(The data):
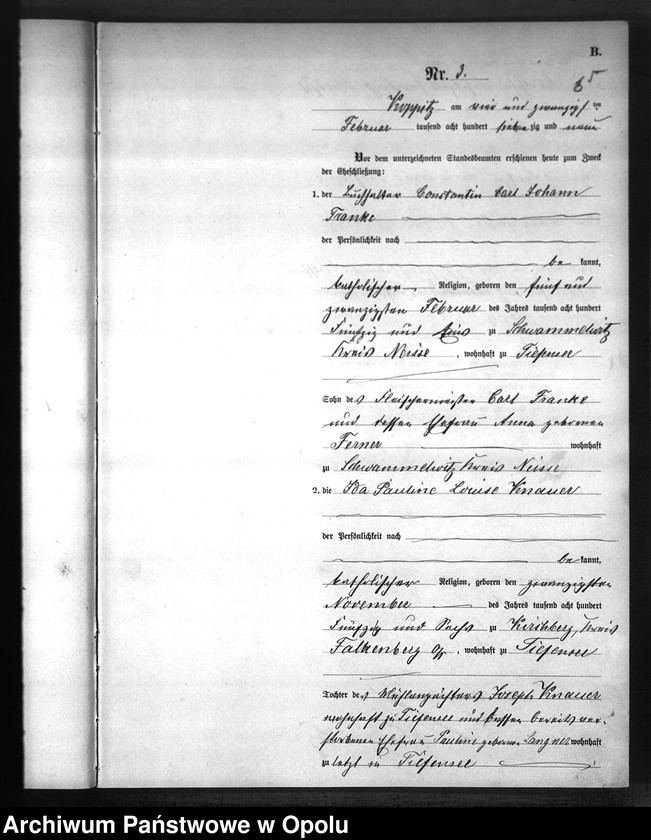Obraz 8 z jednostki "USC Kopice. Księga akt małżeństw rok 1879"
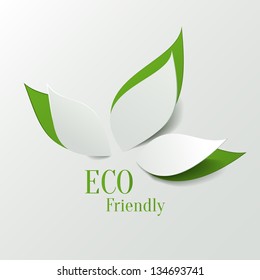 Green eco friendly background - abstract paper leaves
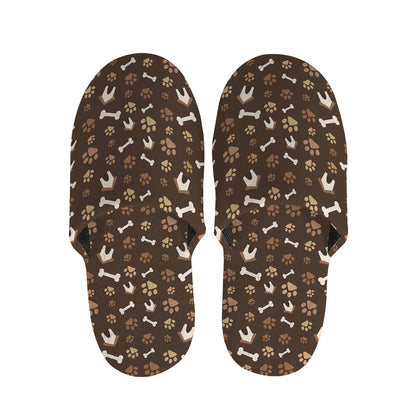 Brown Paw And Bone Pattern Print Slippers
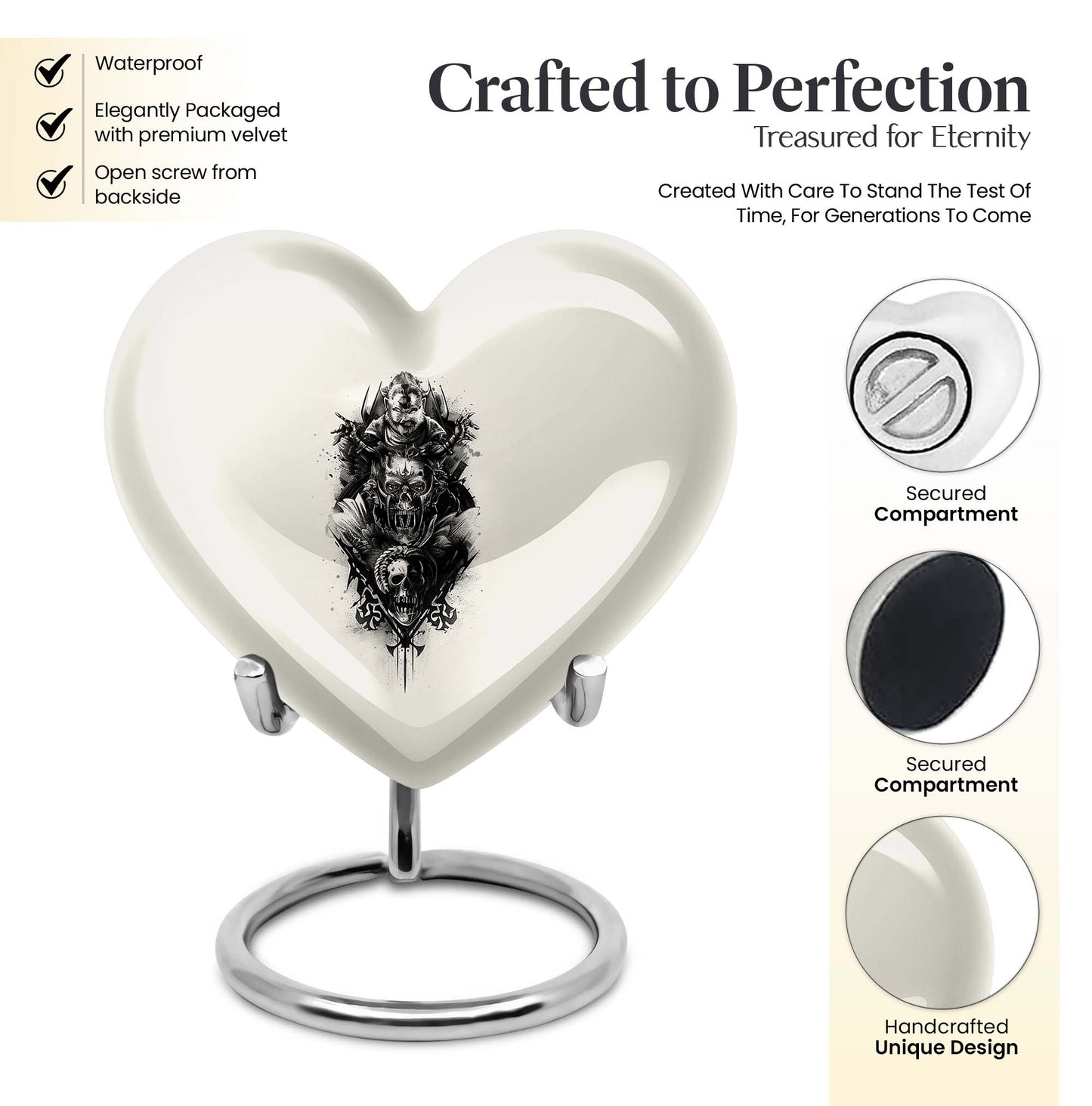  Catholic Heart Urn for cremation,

(Work order): Print every line above once more, exactly. Omit the pictures.

(Worked solution):
Obraz 8 z jednostki "USC Kopice. Księga akt małżeństw rok 1879"
 Green eco friendly background - abstract paper leaves
 Brown Paw And Bone Pattern Print Slippers
  Catholic Heart Urn for cremation,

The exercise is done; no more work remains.